To demonstrate the feasibility of our method, we compare IoTSerRect-LSH with two state-of-the-art algorithms UPCC [18] and SerRecdistr-LSH [4] within different dataset sparsity. Based on the findings in Profile 1 and Profile 2, parameters in IoTSerRect-LSH are defined as follows: L = 16, r = 8, and K = 8. The following observations are made based on the results presented in Figure 4:(1)The MAE and RMSE values of all three approaches decrease as the dataset sparsity increases. When the sparsity is high, less useful QoS values are fetched, which leads to a less precise prediction.(2)SerRecdistr-LSH performs much worse than our approach since it does not consider the historical temporal information.(3)When the dataset sparsity is lower than 50%, the MAE value of our approach is a little lower than UPCC. In spite of this, our algorithm still outperforms other algorithms in most cases. The reason is that the quality values at current time slot are sufficient to find the most similar users for UPCC when the dataset sparsity is low. However, temporal information is necessary within sparser dataset.

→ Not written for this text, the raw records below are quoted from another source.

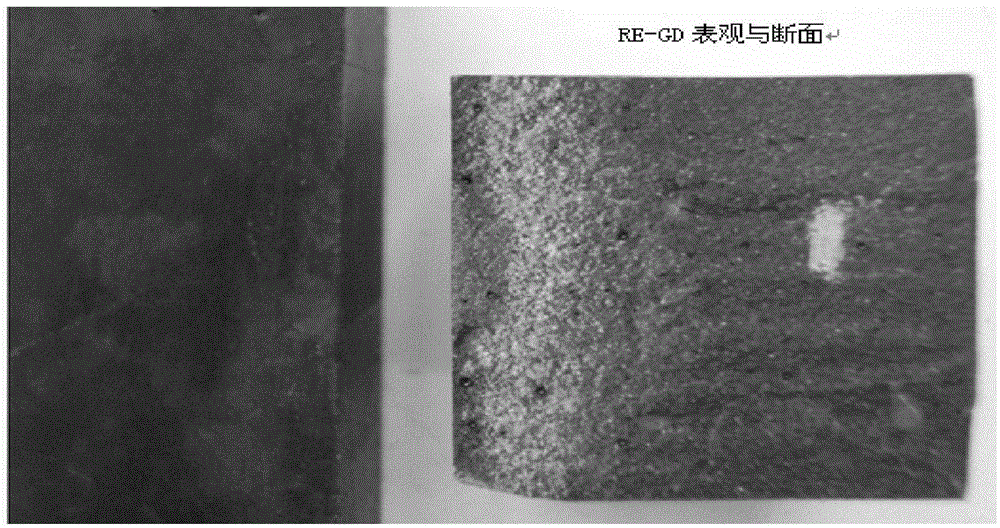 Preparation and construction method of epoxy grouting material for track filling and secondary grouting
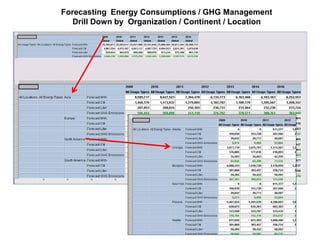 Forecasting Energy Consumptions / GHG Management
   Drill Down by Organization / Continent / Location
 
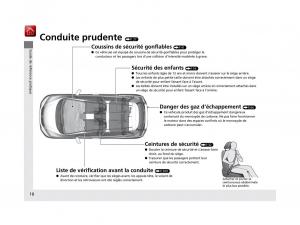 Honda-Jazz-III-3-manuel-du-proprietaire page 11 min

5.4. Profile 4: Efficiency Comparison of Three Recommendation Algorithms

In this profile, we make a comparison among the three recommendation algorithms in terms of the efficiency. All of the experiments are performed on a computer with Intel i5 processor and 16.0 GB RAM, which runs Windows 10 and Python 3.6. The experimental results (in Figure 5) show that the time consumption of UPCC is much higher than the other approaches since the UPCC method calculates correlation coefficients online. Furthermore, the time cost of our method is close to that of SerRecdistr-LSH since they both adopt the offline recommendation strategy.

6. Conclusion

The number of IoT services is rapidly growing. Recommendation technology can significantly relieve the target users’ selection burden. However, because of user privacy concerns, it is impractical for different platforms to directly share their data with each other. In this paper, we proposed a novel cross-platform LSH-based IoT service recommendation method with privacy preservation. Through LSH technique, high dimensionality historical quality data is hashed into less-sensitive indices. Moreover, historical data at different time slots are employed to make more accurate recommendation. Finally, a number of experiments are conducted on real-world dataset WS-DREAM. The experimental results demonstrated the advantage of our approach in terms of accuracy, efficiency, and the capability of privacy preservation.

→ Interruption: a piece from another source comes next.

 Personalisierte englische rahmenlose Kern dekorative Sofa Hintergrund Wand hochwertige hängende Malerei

However, some limitations should be addressed. As we did not consider the periodicity of the quality value of IoT service, the number of time slots is fixed in the current method. Furthermore, spatial information of both users and service providers is not employed in our approach. Therefore, we will further enhance our algorithm by taking more context factors such as periodicity [38, 39] and location [40, 41] into account.

Data Availability

The data used to support the findings of this study are included within the article.

Conflicts of Interest

The authors declare that they have no conflicts of interest.